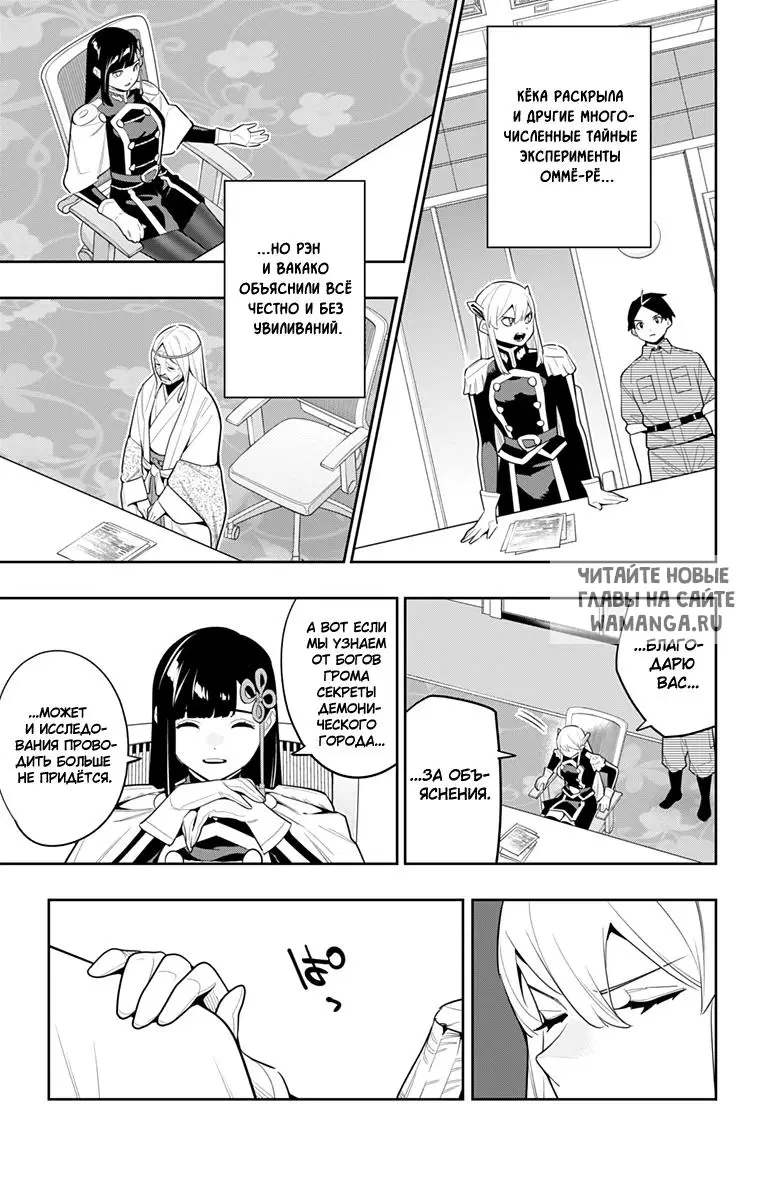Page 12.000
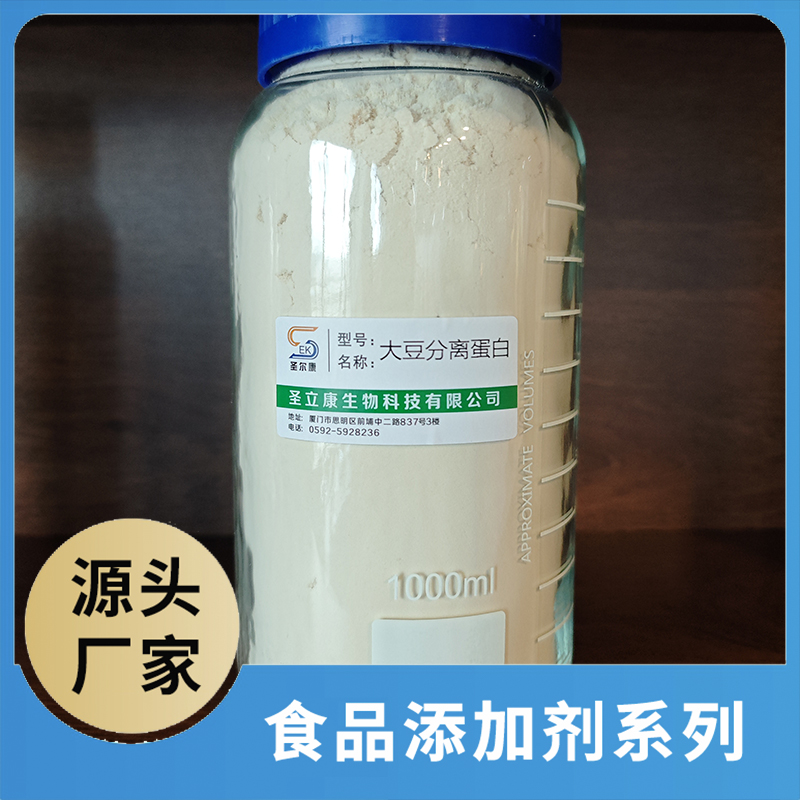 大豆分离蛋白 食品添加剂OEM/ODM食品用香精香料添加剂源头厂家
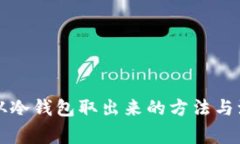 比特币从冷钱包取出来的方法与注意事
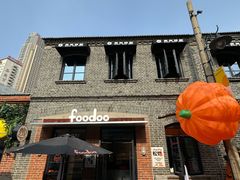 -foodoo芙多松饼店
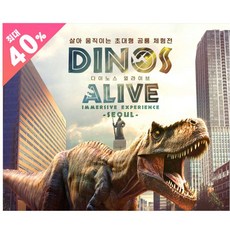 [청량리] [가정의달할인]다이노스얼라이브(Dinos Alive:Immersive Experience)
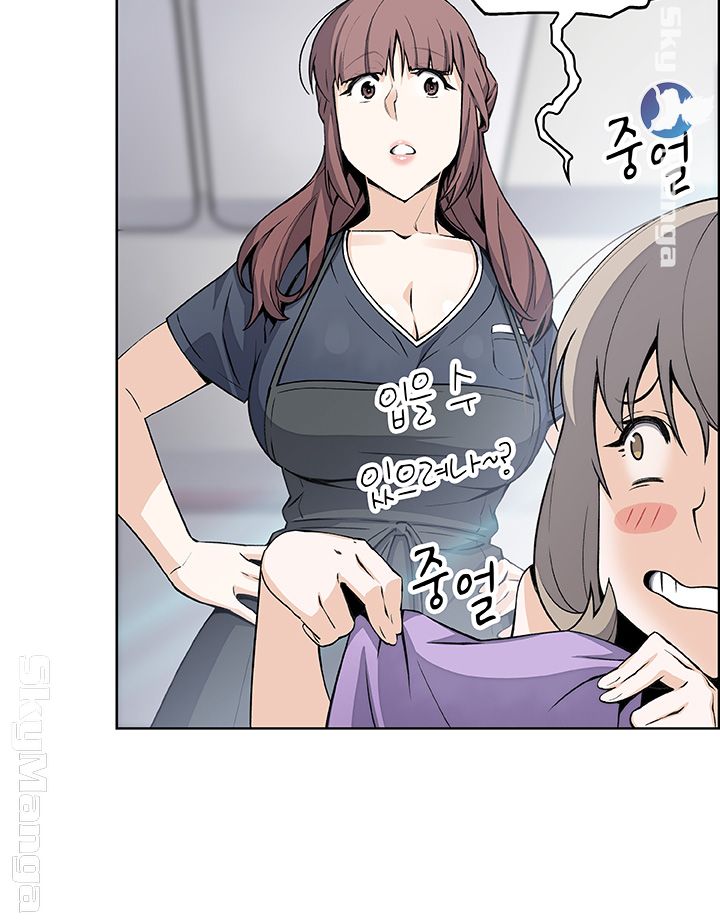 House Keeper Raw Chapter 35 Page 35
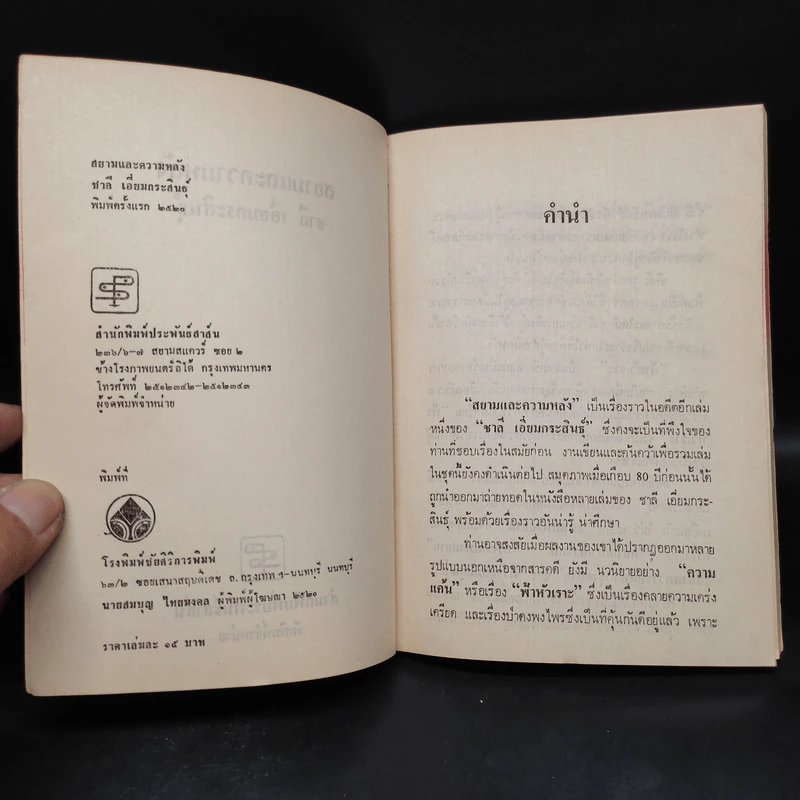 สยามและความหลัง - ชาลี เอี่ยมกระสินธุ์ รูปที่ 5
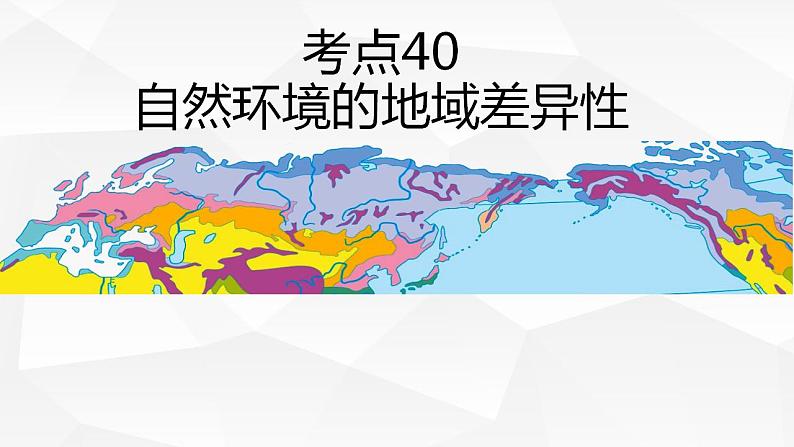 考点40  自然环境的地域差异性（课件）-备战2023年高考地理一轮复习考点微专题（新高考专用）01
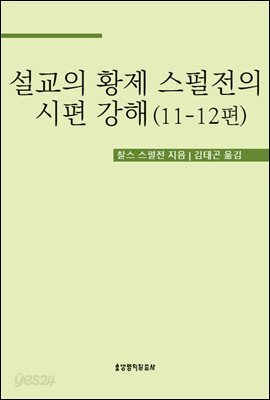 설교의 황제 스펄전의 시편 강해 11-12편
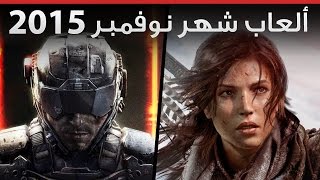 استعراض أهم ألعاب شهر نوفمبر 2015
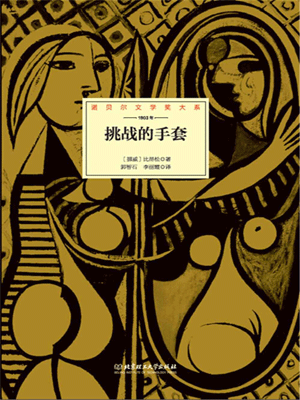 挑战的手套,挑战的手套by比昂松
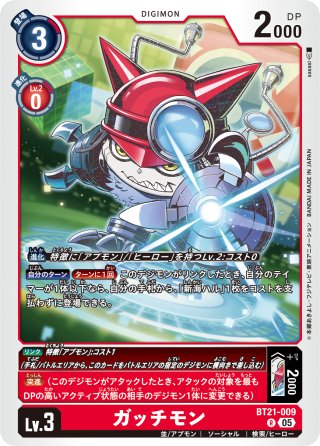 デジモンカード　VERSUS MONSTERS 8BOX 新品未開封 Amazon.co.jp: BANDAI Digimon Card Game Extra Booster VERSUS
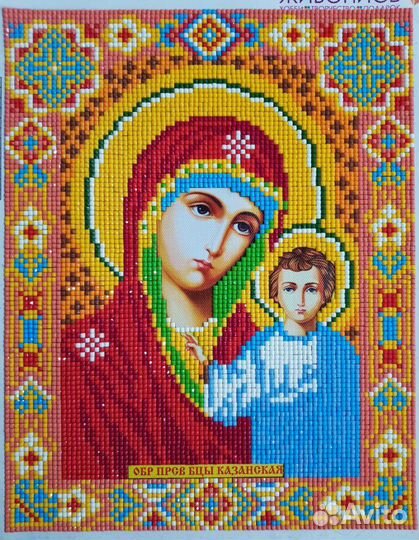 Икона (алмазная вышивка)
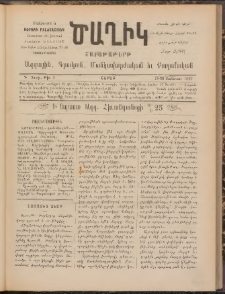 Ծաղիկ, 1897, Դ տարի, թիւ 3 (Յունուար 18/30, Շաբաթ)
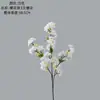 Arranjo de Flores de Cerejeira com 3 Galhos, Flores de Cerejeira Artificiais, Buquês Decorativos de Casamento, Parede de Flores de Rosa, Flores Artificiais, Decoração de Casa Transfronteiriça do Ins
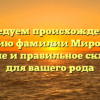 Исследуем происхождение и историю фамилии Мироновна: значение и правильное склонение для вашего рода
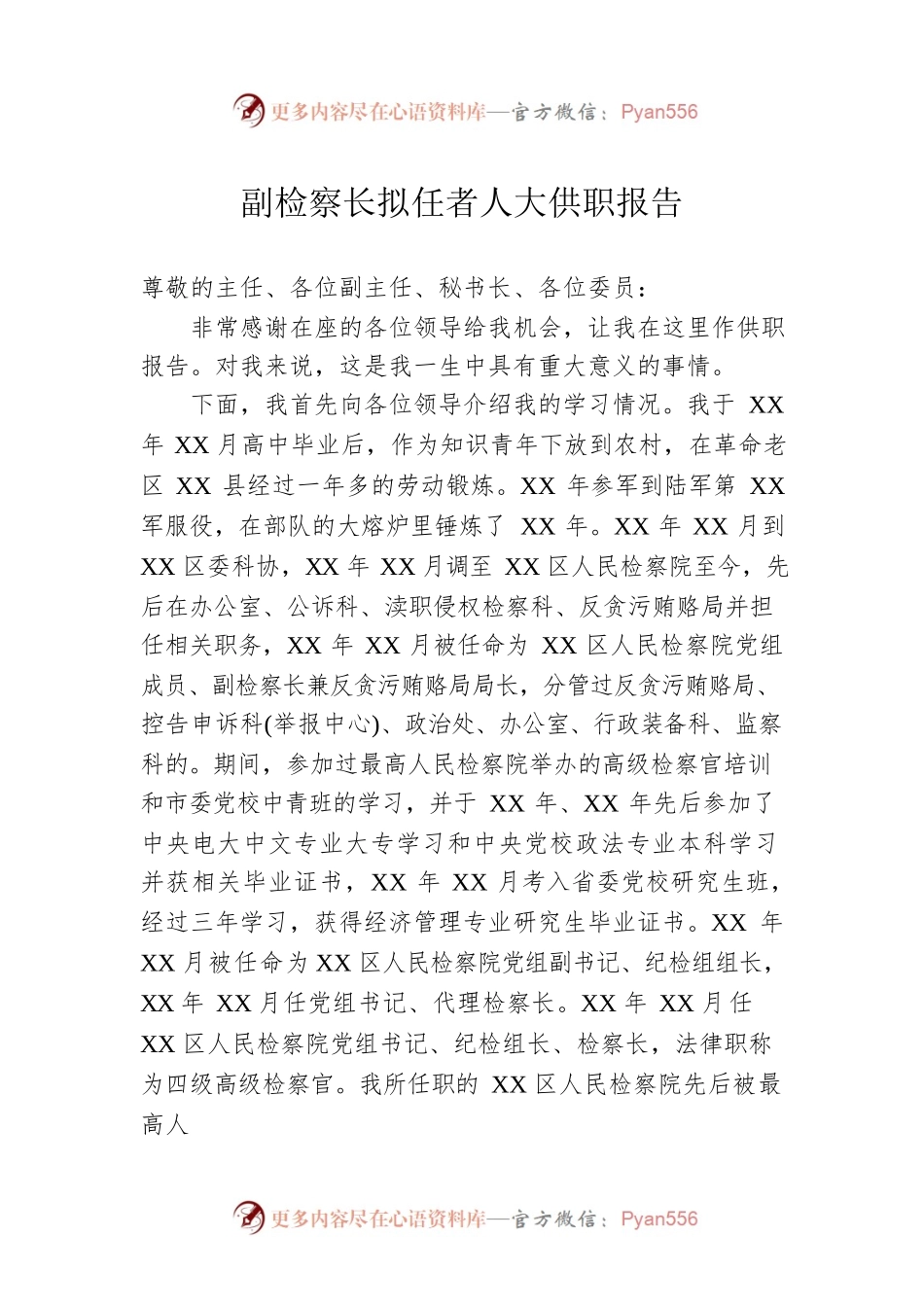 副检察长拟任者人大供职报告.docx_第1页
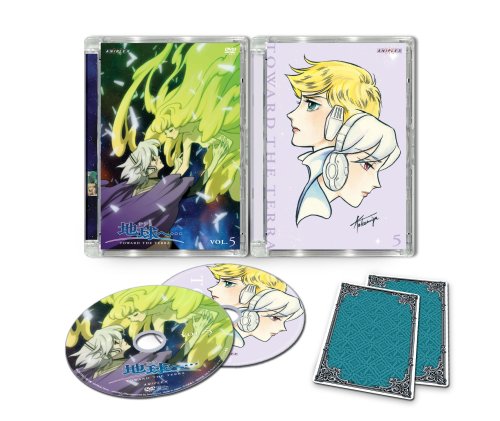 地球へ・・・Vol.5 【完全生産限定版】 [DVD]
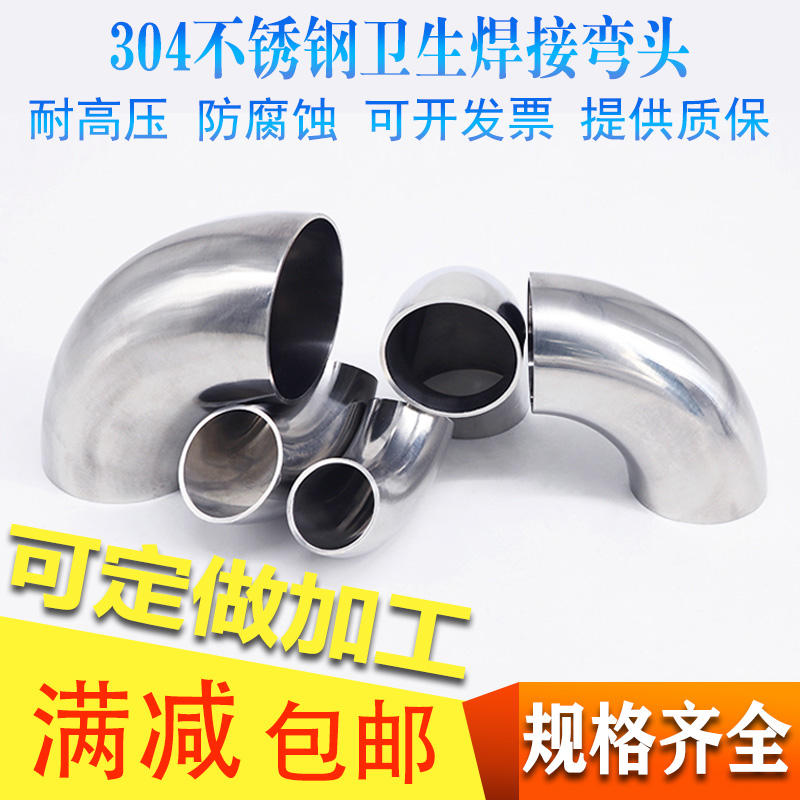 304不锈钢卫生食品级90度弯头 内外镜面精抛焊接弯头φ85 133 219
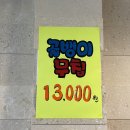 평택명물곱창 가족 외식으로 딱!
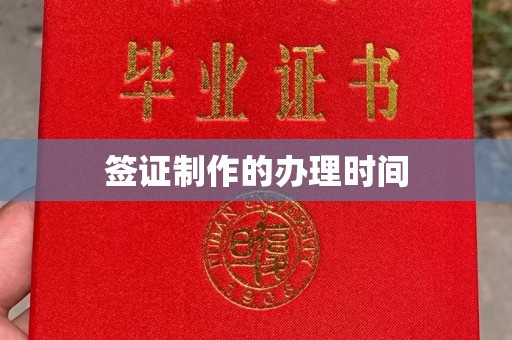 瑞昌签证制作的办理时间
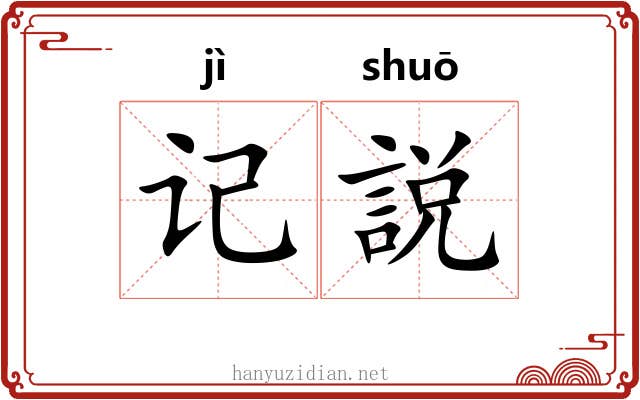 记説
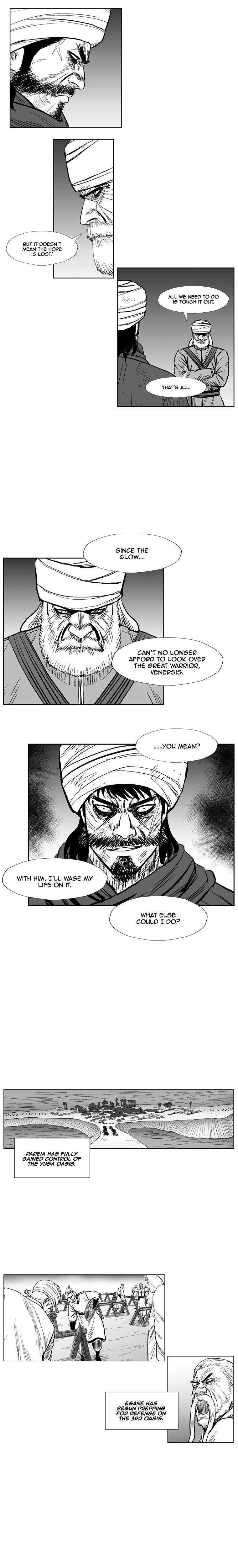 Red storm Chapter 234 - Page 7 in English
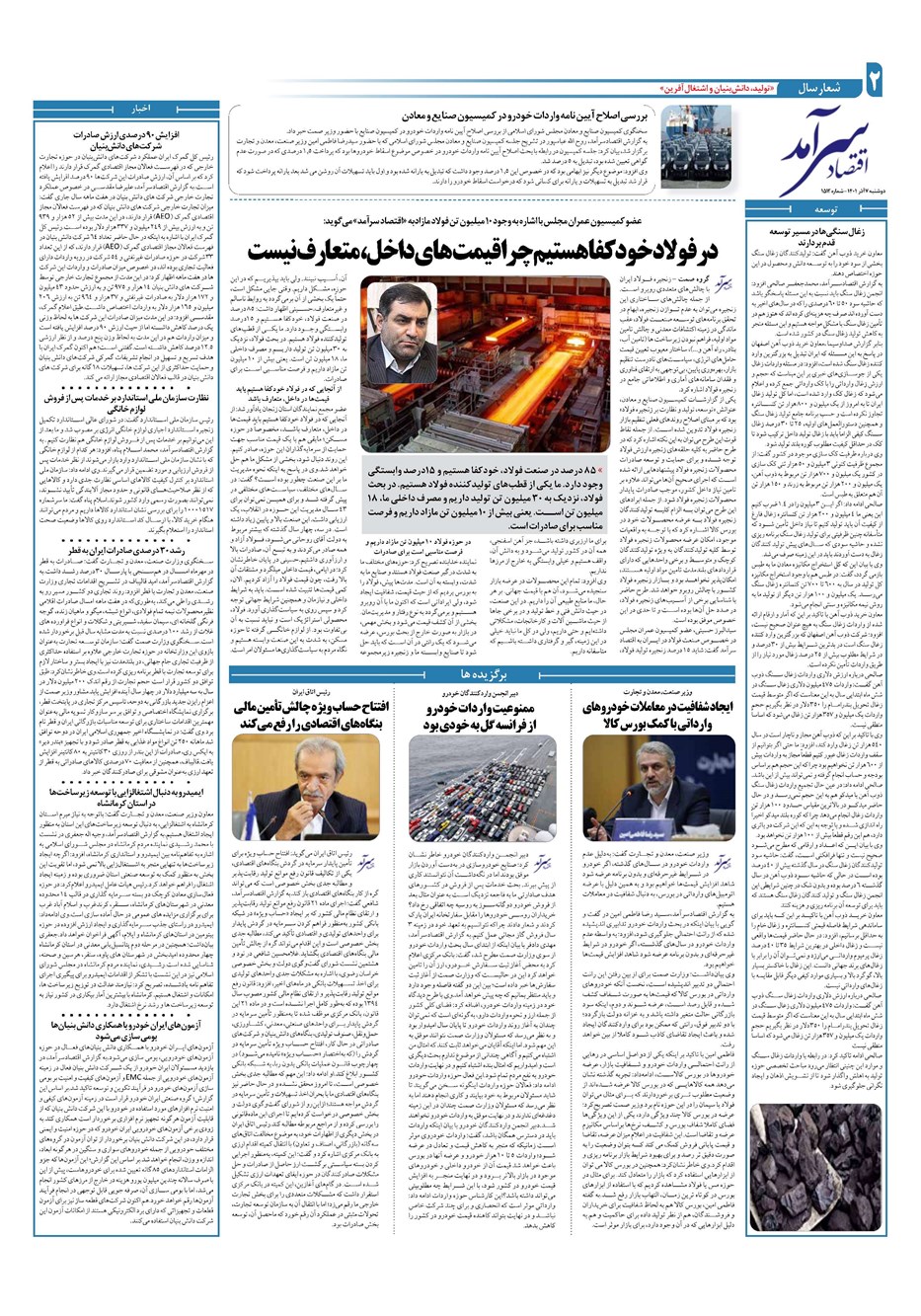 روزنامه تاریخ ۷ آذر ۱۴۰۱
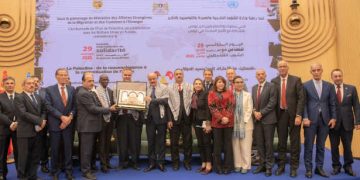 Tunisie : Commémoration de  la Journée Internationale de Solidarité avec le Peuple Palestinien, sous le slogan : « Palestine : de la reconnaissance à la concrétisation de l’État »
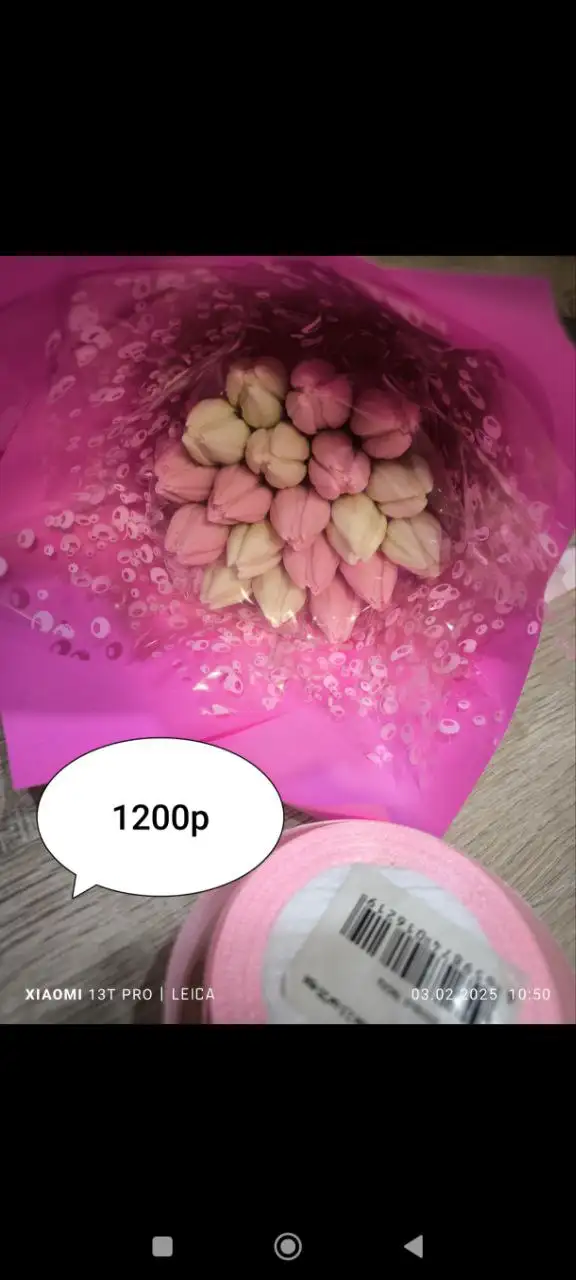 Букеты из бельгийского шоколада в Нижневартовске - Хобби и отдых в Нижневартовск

:: PROBLEM STATEMENT ::
Exactly the lines from the top of the listing through the line holding "挑战的手套,挑战的手套by比昂松" should be repeated, with pictures left out.

:: SOLUTION TO THE EXERCISE ::
Page 12.000
 大豆分离蛋白 食品添加剂OEM/ODM食品用香精香料添加剂源头厂家
 比特币从冷钱包取出来的方法与注意事
 -foodoo芙多松饼店
 [청량리] [가정의달할인]다이노스얼라이브(Dinos Alive:Immersive Experience)
 House Keeper Raw Chapter 35 Page 35
 สยามและความหลัง - ชาลี เอี่ยมกระสินธุ์ รูปที่ 5
 考点40  自然环境的地域差异性（课件）-备战2023年高考地理一轮复习考点微专题（新高考专用）01
 설교의 황제 스펄전의 시편 강해 11-12편
 استعراض أهم ألعاب شهر نوفمبر 2015
 挑战的手套,挑战的手套by比昂松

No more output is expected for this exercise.